BEACON ENTERPRISE SOLUTIONS GROUP, INC.
(Exact name of registrant as specified in Charter)

Nevada
(State or other jurisdiction of
incorporation or organization)
    000-31355
(Commission File No.)
     81-0438093
(IRS Employee Identification No.)

124 N. First Street
Louisville, Kentucky 40202
(Address of Principal Executive Offices)

502-379-4788
(Issuer Telephone number)

SUNCREST GLOBAL ENERGY CORP.
(Former Name or Former Address, if Changed Since Last Report)

Check the appropriate box below if the Form 8-K filing is intended to simultaneously satisfy the filing obligation of the registrant under any of the following provisions (see General Instruction A.2. below):

|_|   Written communications pursuant to Rule 425 under the Securities Act (17 CFR 230.425)

|_|   Soliciting material pursuant to Rule 14a-12 under the Exchange Act (17 CFR 240.14a-12)

|_|   Pre-commencement communications pursuant to Rule 14d-2(b) under the Exchange Act (17 CFR 240.14d-2(b))

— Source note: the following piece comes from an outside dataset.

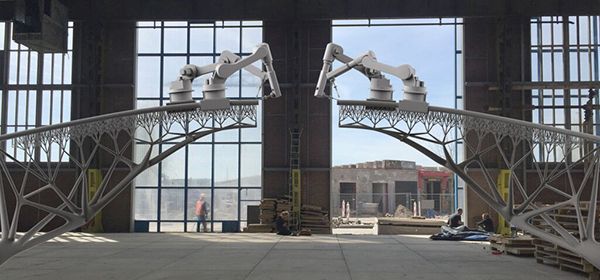 Robots gaan metalen brug printen voor Amsterdamse gracht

|_|   Pre-commencement communications pursuant to Rule 13e-4(c) under the Exchange Act (17 CFR 240.13e-4(c))


 
   

Item 3.02 Unregistered Sales of Equity Securities.

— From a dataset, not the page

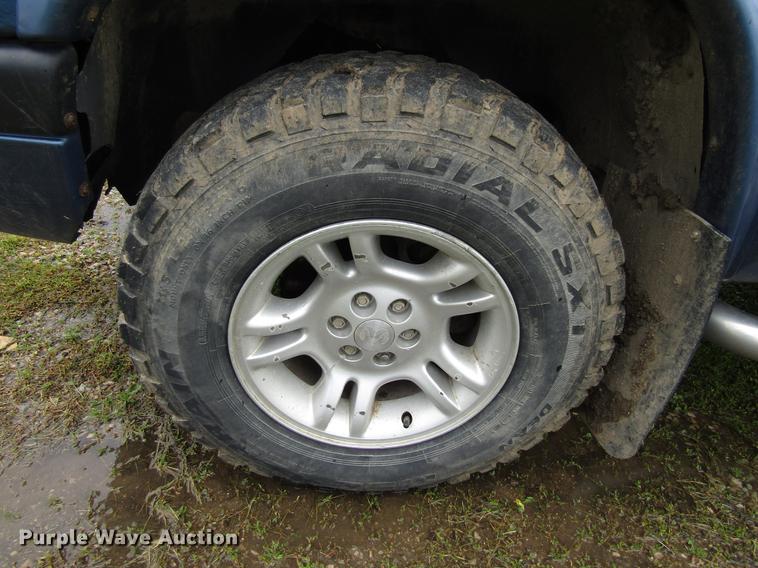 image for item EU9655 2003 Dodge Dakota Sport Quad Cab pickup truck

        As more fully described in Item 2.01 of the Current Report on Form 8-K dated December 20, 2007, a change in control of Beacon Enterprise Solutions Group, Inc., f/k/a Suncrest Global Energy Corp., a Nevada corporation (the “Company”) occurred on December 20, 2007. As a result of such change of control, all of the outstanding Common Shares of Beacon Enterprise Solutions Group, Inc., an Indiana corporation (“Beacon (IN)”) are owned by the Company, and the former holders of Beacon (IN) Common Shares have voting control of the Company. All capitalized terms not otherwise defined herein shall have the meanings ascribed to them in the Current Report on Form 8-K dated December 20, 2007.

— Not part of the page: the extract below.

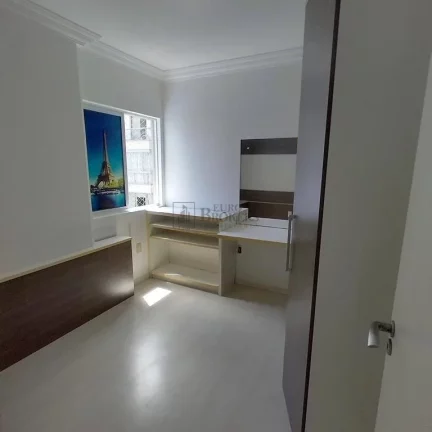 Imagem Apartamento Quadra Mar com 3 dormitórios à venda no Centro de Balneário Camboriú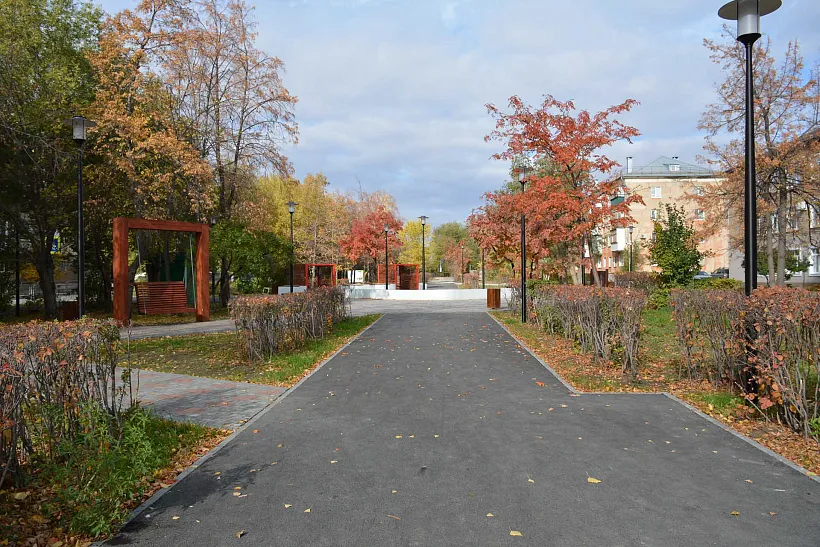 В&nbsp;оренбургском городе Гае благоустроили сквер по&nbsp;улице Коммунистической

        As more fully described in Item 8.01 below, which information is incorporated into this Item 3.02 by reference, on March 7, 2008, the Company issued warrants to purchase an aggregate of 716,131 shares of the Company’s Common Stock and Beacon (IN) issued 772.8 Beacon (IN) Series A-1 Preferred Shares.

        The Company and Beacon (IN) are relying on an exemption from registration provided under Section 4(2) of the Securities Act for the issuance of the Company’s warrants and Common Stock and Beacon (IN) Series A-1 Preferred Shares, which exemption the Company and Beacon (IN) believe is available because the securities were not offered pursuant to a general solicitation and the status of the purchasers of the shares as “accredited investors” as defined in Regulation D under the Securities Act.

Item 8.01 Other Events.

PRIVATE PLACEMENT

        In connection with the change of control described above and the Phase I Acquisitions described in the Current Report on Form 8-K dated December 20, 2007, Beacon (IN) entered into an agreement with a New York-based securities broker-dealer (the “Placement Agent”). The Company and Beacon (IN) have engaged with the Placement Agent in a private placement of up to 40 units (the “Series A Units”), at a purchase price of $100,000 per Series A Unit, with each Series A Unit comprised of (i) 100 Beacon (IN) Series A Preferred Shares, which were exchanged for shares of Series A Preferred Stock of the Company, and (ii) a five year warrant to purchase 66,667 Beacon Common Shares at a purchase price of $1.00 per Beacon (IN) Common Share, which were exchanged for warrants to purchase the same number of shares of Common Stock of the Company (collectively the “Series A Offering”). The Company and Beacon (IN) completed the Series A Offering of the aggregate of 40 units for aggregate proceeds of $4.0 million on February 12, 2008, and the exchange of securities of the Company for securities of Beacon (IN) was completed on February 15, 2008. The Series A Offering was oversubscribed resulting in a number of qualified investors who were unable to participate in the offering.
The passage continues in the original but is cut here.